We've noticed that all of these transformation activities– care transformation, quality improvement, are all actually working, explained Kavita Patel, MD, MS, non-resident senior fellow at the Brookings Institution.
We've noticed that all of these transformation activities— care transformation, quality improvement, are all actually working, explained Kavita Patel, MD, MS, non-resident senior fellow at the Brookings Institution.
Transcript:
How has the Oncology Care Model (OCM) evolved? What do you think it does well, and what are some of the pain points that participanting practices continue to face?
So, the OCM has evolved in a couple of interesting ways.

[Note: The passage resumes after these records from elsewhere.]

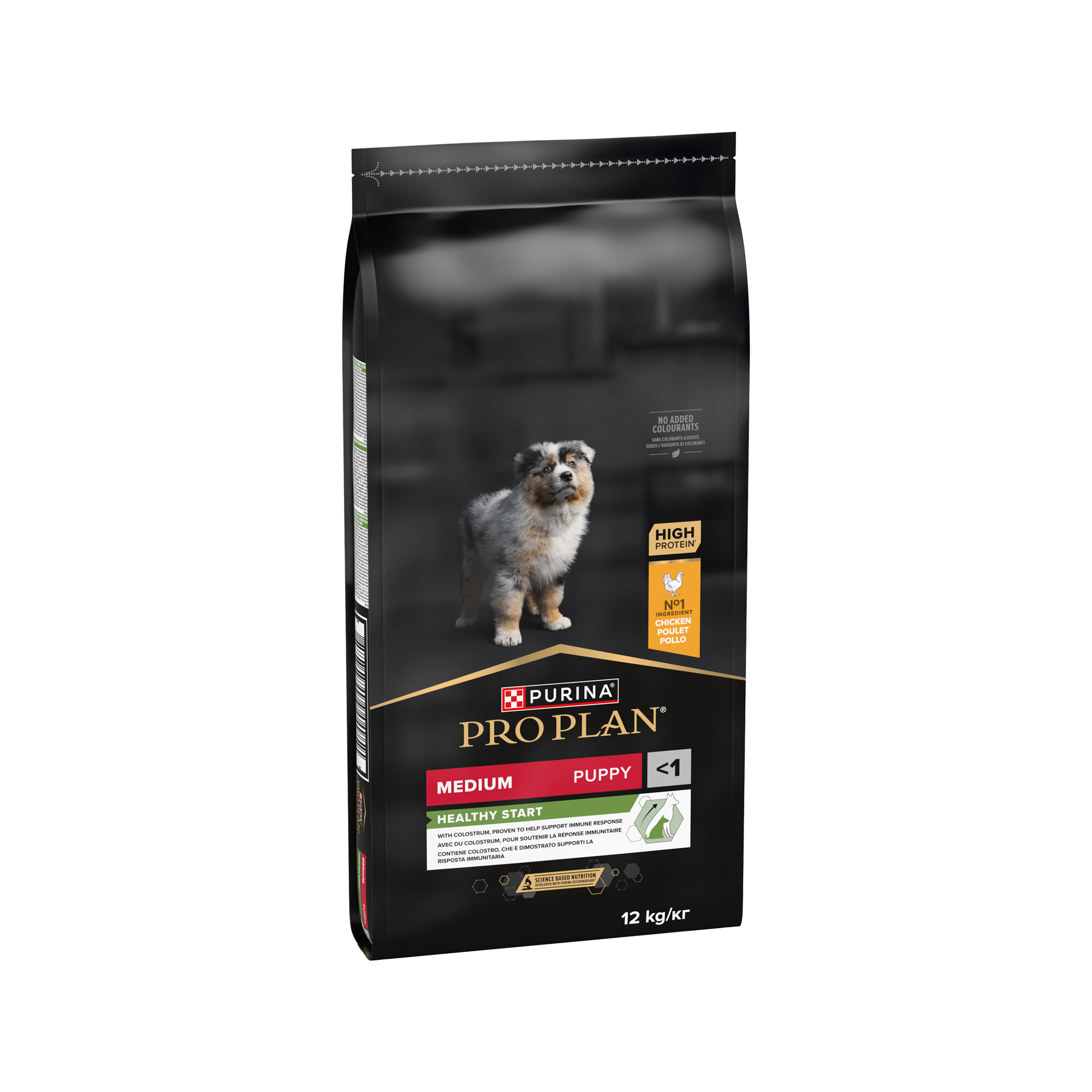 Purina Pro Plan Dog - Medium - Puppy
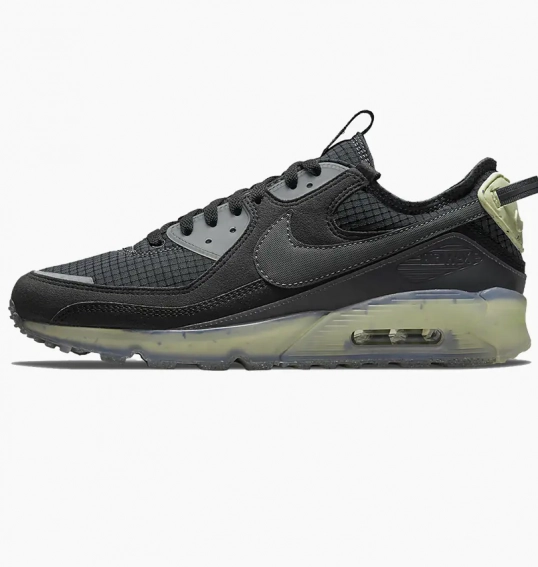 Кросівки чоловічі Nike Air Max Terrascape 90 Black DH2973-001 фото 1 — інтернет-магазин Tapok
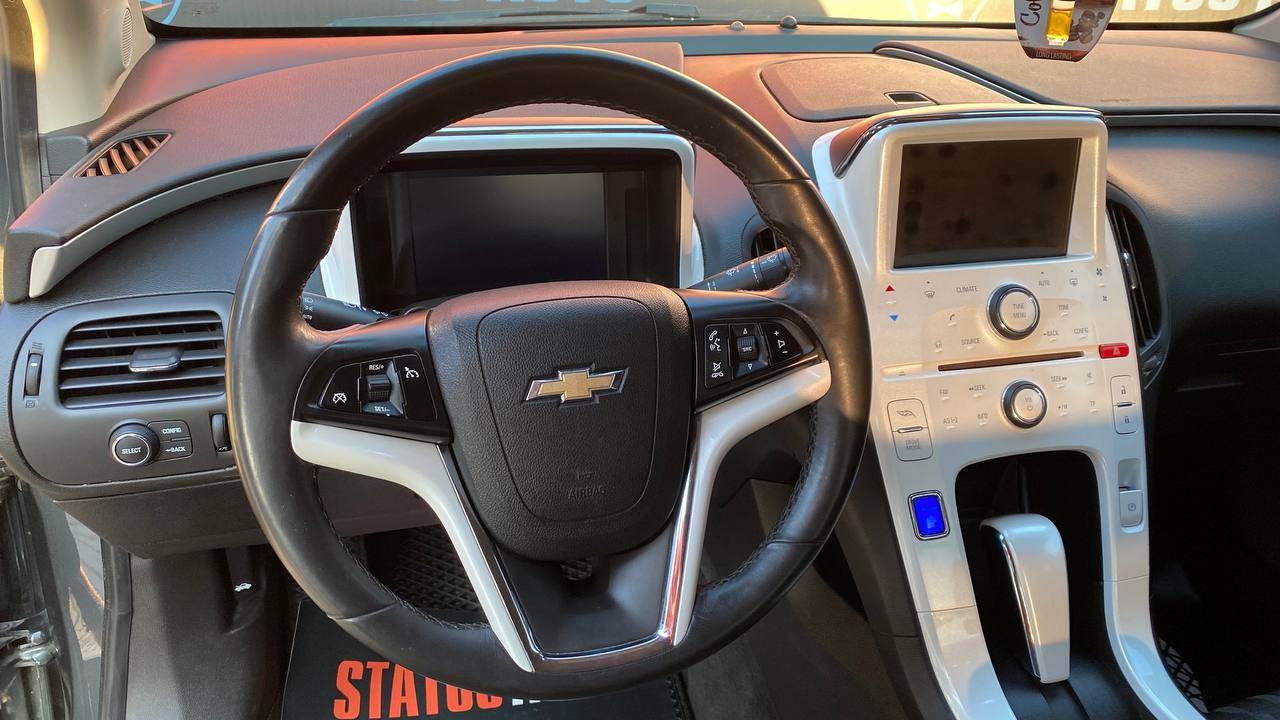 Chevrolet Volt - фото 19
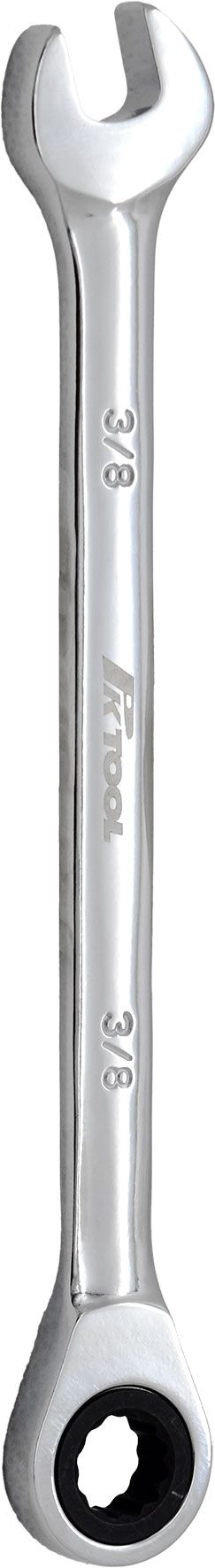 3/8" Ratcheting Combination Spanner - PKTool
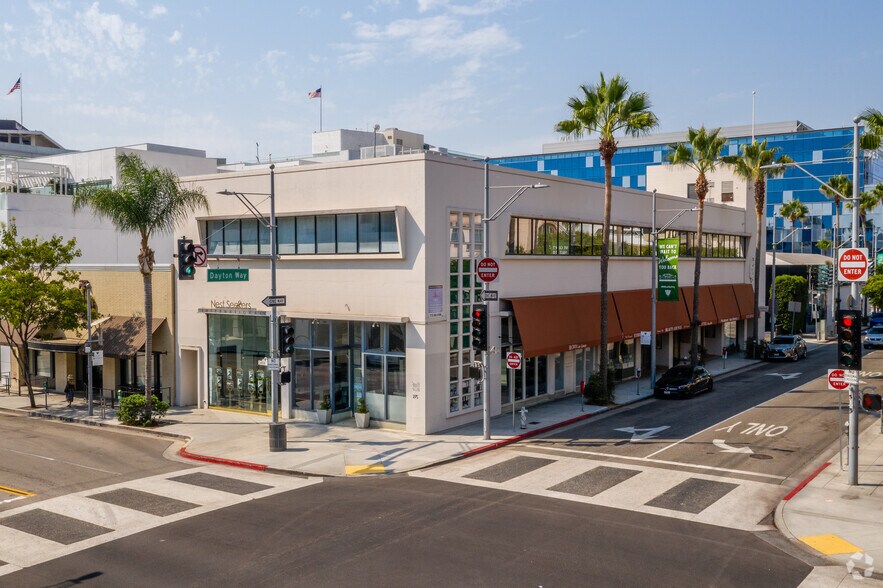 Primary Photo Of 9406-9424 Dayton Way, Beverly Hills Office For Lease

Data is now a very regular, kind of term with the OCM practices. Almost all of them have done something with the access to claims data that they have, so that’s actually progress.
The second thing that they’ve all noticed is that these transformation activities— care transformation, quality improvement, are all actually working. Not necessarily the way they might have thought, but they’re making patients feel like they’re getting better care and, in some cases, they’re delivering on improvements in quality measures.
The thing that’s not working as well is still this kind of clunkiness with things like attribution. It takes a long time— there’s a lag in how CMS processes the data about attribution and what we call reconciliation. It might take doctors up to [about] 18 months to ultimately know if the patient they thought they were taking care of is actually acknowledged by Medicare as their patient, and then vice versa. People that they thought were their patients are not necessarily theirs and they don’t find out until about a year later. So, there’s still some clunky things that have to do with how Medicare just processes claims under the model.